We left the marina and headed across the massive Salvador Bay to an anchorage off the southern tip of Ilha dos Frades. A few restaurants open at lunch time only, some snorkelling, hiking and a lovely beach. The island seemed empty but with 6 boats from the fleet, we were happy to make our own party! We’ve had a couple of lovely social days with friends. We invited Renegade and Amanzi crew to join us for a day trip up the river Paragauçu for lunch next to a beautiful old monastery. The following day, with a deluge of rain and the prospect of storms at sea, we stayed on the boat and had a BBQ – our first on the boat. Joined by friends, another lovely afternoon of chat, swimming and relaxation.

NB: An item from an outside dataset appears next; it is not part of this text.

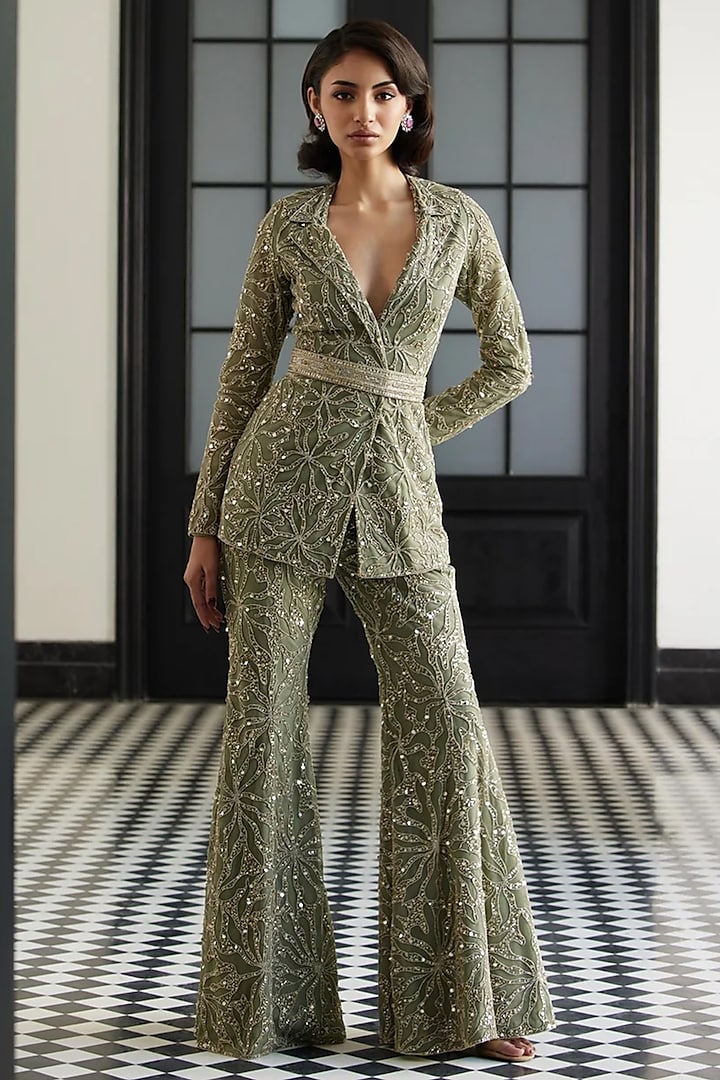 Sage Green Taffeta Tussar Viscose Organza Embroidered Blazer Set by Charu & Vasundhara at Pernia's Pop Up Shop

We’ve stayed longer than we anticipated – we are heading north to Cabadelo, 460 miles away and have been waiting for the wind to change from a northerly (we would be motoring straight into the wind) to an easterly, that allows us to sail on a broad reach. We will leave at 9pm. Today is a domestic day … washing, cleaning and preparing the boat for the passage. Here comes the rain again …

Salvador – we made it!

•Sunday, 11 February 2024 • 8 Comments

4000 nautical miles and 36 days after we left Capetown, we have crossed the South Atlantic Ocean and arrived in Salvador, Brazil, South America. HUGE!

We arrived at 4.30am after a really fast night sail (8/9 knots) with the parasail up and the wind at 16 to 18 knots. The WARC team were there to greet us and after a difficult navigation into the marina through many small fishing boats, the odd canoe, an early morning swimmer and plenty of unmarked bouys, we made it to the pontoon, tied up and popped the fizz as the dawn broke. Hooray, hooray 🥳

After loads of boat cleaning, we managed to stream the England rugby game … several of the fleet joined us to cheer Tom on! I love that I am able to follow the England games and see him do so well … and this time, I had a drink in hand to calm nerves!

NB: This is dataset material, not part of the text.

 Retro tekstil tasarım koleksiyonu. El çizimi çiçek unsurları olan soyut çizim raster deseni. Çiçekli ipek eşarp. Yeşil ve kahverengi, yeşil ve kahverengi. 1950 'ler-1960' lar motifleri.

We have arrived in Carnival time – the music is booming from lunchtime until the early hours. Everywhere is packed. Restaurants aren’t taking bookings; shops are closed. The vibe is party time. Chris already hates it and I can’t wait to get stuck in!

It’s super humid and today we have a deluge of rain – I think it’s going to be like this all week … sun, heat and then rain. Fat Kat has plenty of protection against the rain and still wide open spaces to live in – a joy!